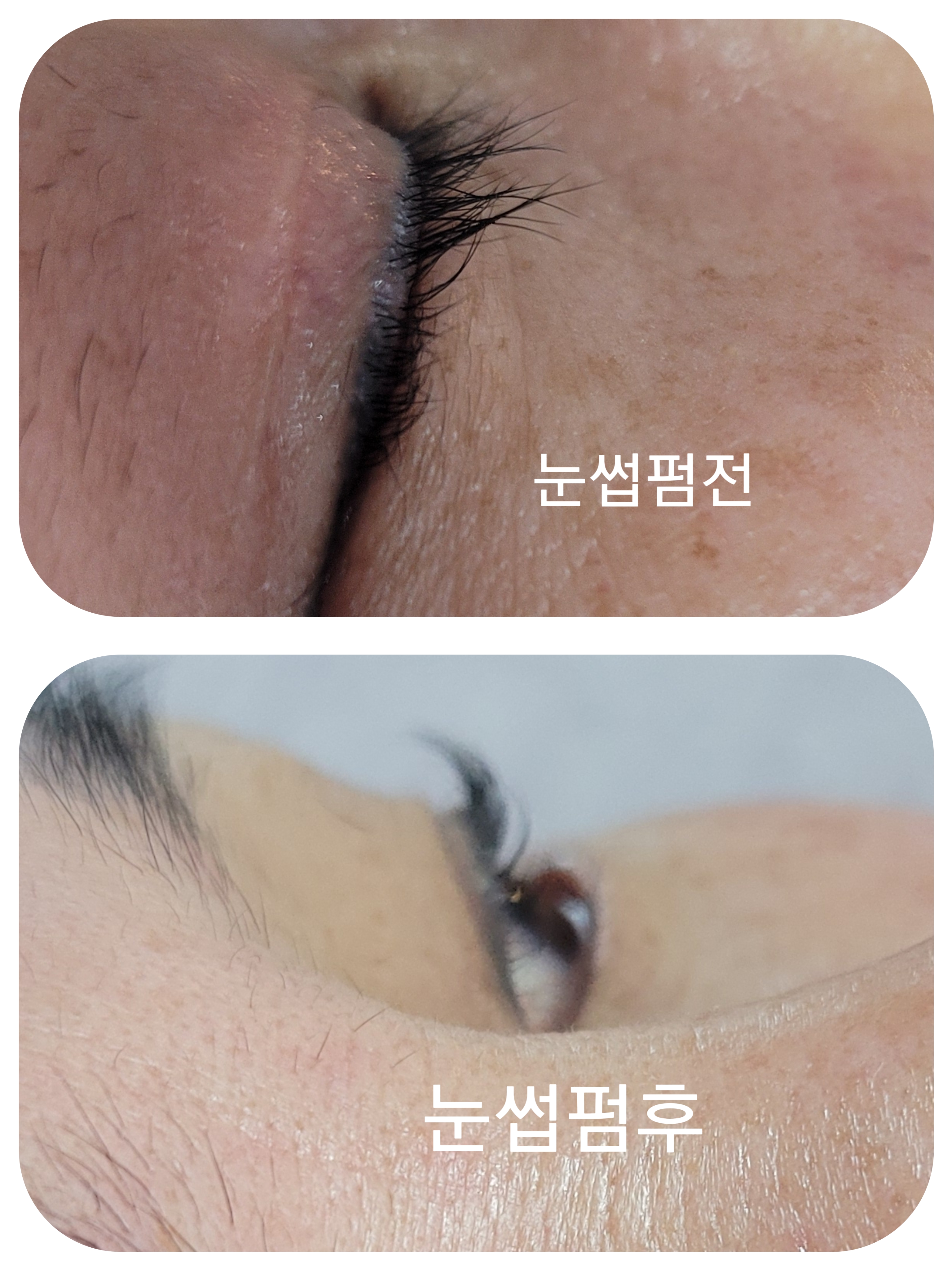 토탈뷰티 주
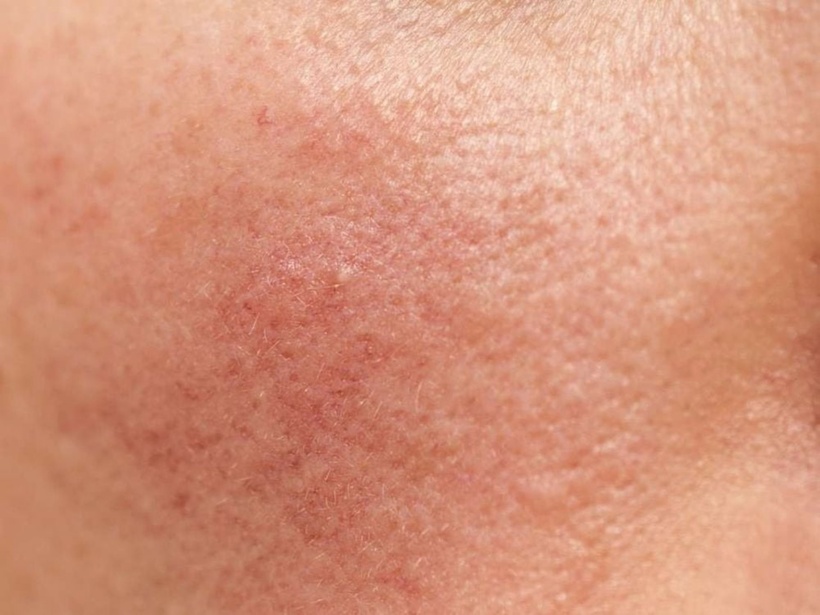 Rosacea là một tình trạng da phổ biến gây mẩn đỏ và thường đi kèm với những vết sưng nhỏ, đỏ có mủ hoặc nốt sần trên mặt. Nó có thể bị nhầm lẫn với mụn trứng cá do các triệu chứng tương tự. Ảnh minh hoạ.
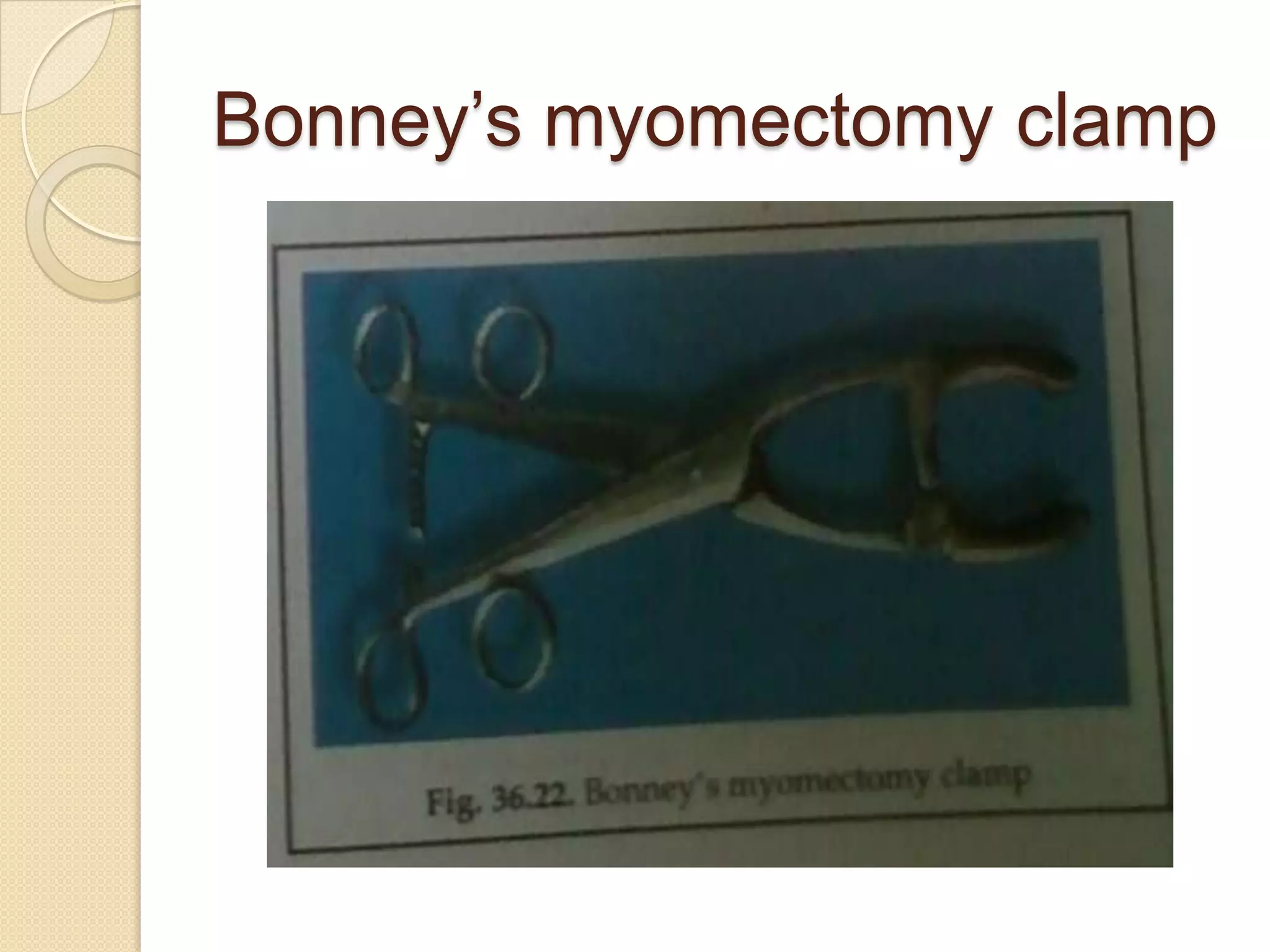 Bonney’s myomectomy clamp
 
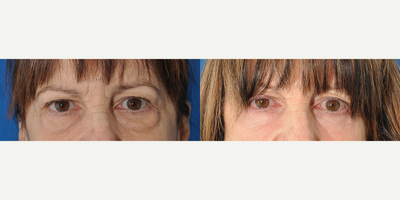 Eyelid Surgery before and after photo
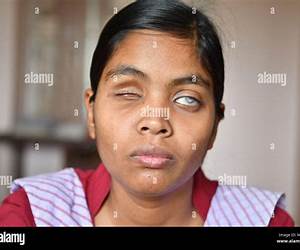 Blind Girl Blind Girl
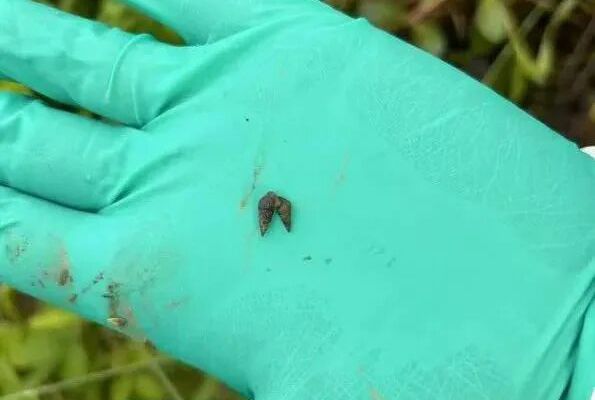 血吸虫是这样一步步潜伏、入侵人体的！但简单几步就能远离侵袭→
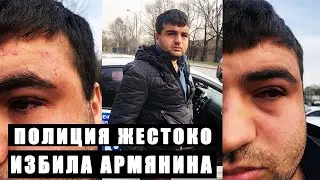 МУСОРА СЛОМАЛИ ЧЕЛЮСТЬ АРМЯНИНУ ! Беспредельщики из ГИБДД сфабриковали УГОЛОВНОЕ ДЕЛО по 318 УК РФ !
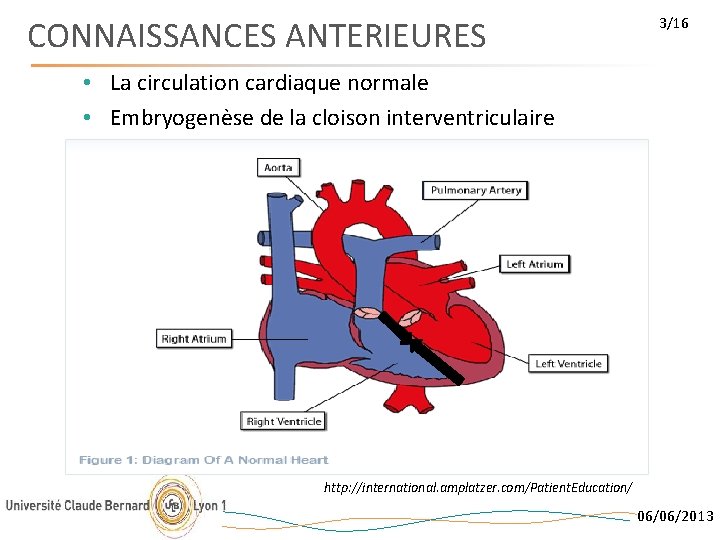 CONNAISSANCES ANTERIEURES 3/16 • La circulation cardiaque normale • Embryogenèse de la cloison interventriculaire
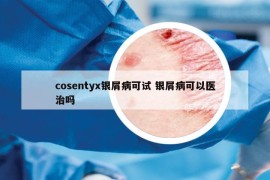 cosentyx銀屑病可試 銀屑病可以醫(yī)治嗎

⁂

Write the lines from the one containing "CONNAISSANCES ANTERIEURES 3/16" through the end of the data above exactly as they appear, and do not carry over any picture.

#### Result for this exercise
 CONNAISSANCES ANTERIEURES 3/16 • La circulation cardiaque normale • Embryogenèse de la cloison interventriculaire
 cosentyx銀屑病可試 銀屑病可以醫(yī)治嗎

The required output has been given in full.